Why is it important to use “theoretical win” instead of “observed win” in order to access the revenue generated by customers? This question is in close relations to potential outcome and probability rather than actual figures generated by customers. First of all, the definition of “theoretical win” must be made clear from that of “observed win”. “Observed win” is the actual amount that is won physically over a certain period of time (e.g. per month) while “theoretical win” entails the potential amount to be won over a longer term period given that the player is consistent with his/her gambling habits. By calculating revenues generated by customers using the “observed win” method, Harrah’s will be short sighted in its approach and the results for the revenues generated will be inaccurate.
For example, new customers who are just starting out to play in Harrah’s casinos might initially generate low amount of “observed win” for the company as they have little or no loyalty to Harrah’s. However, these players might actually have huge potential to generate large amount of wins for the company in the future once they are successfully bought over by the company’s program. Under the “observed win” method, these players may not be detected by the radar and often neglected. Insufficient marketing efforts and rewards will be directed at them to develop their loyalty to Harrah’s. Furthermore, one more point to note is that past behavior is not always indicative of future behavior and thus by using “observed win”, we are missing out on opportunities that are not observed in the past.
As a result, it may lead to the loss of potential revenues generated by this group of people and an undervaluation of the realizable revenue of the company.

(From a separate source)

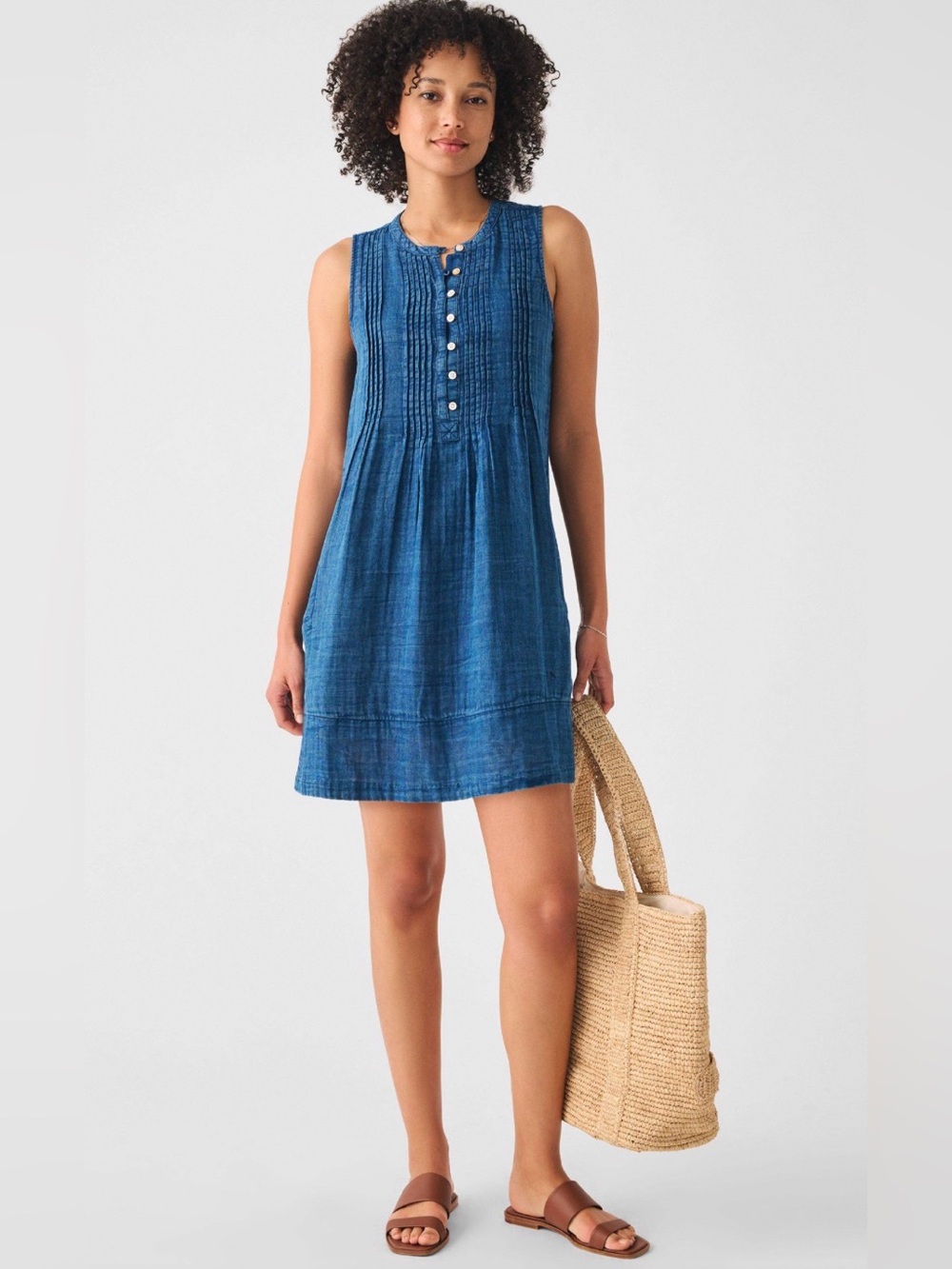 Faherty Isha Organic Cotton Dress Indigo Blue Sleeveless Natural Fiber Size M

On the other hand, if the “theoretical win” approach is used, the company would be able to predict the long term revenue generated from customers based on the assumption that they are loyal to the company using their average bids and bidding frequency at the casinos. This projection provides the company with a goal or rather unfulfilled yet achievable revenue in sight to strive for. By targeting these individuals with high potential and doing their best to induce loyalty in them, the company will be able to boost total revenues generated. In the long run, this method provides a more realistic extrapolation of the revenues achievable by the company if they target the right people.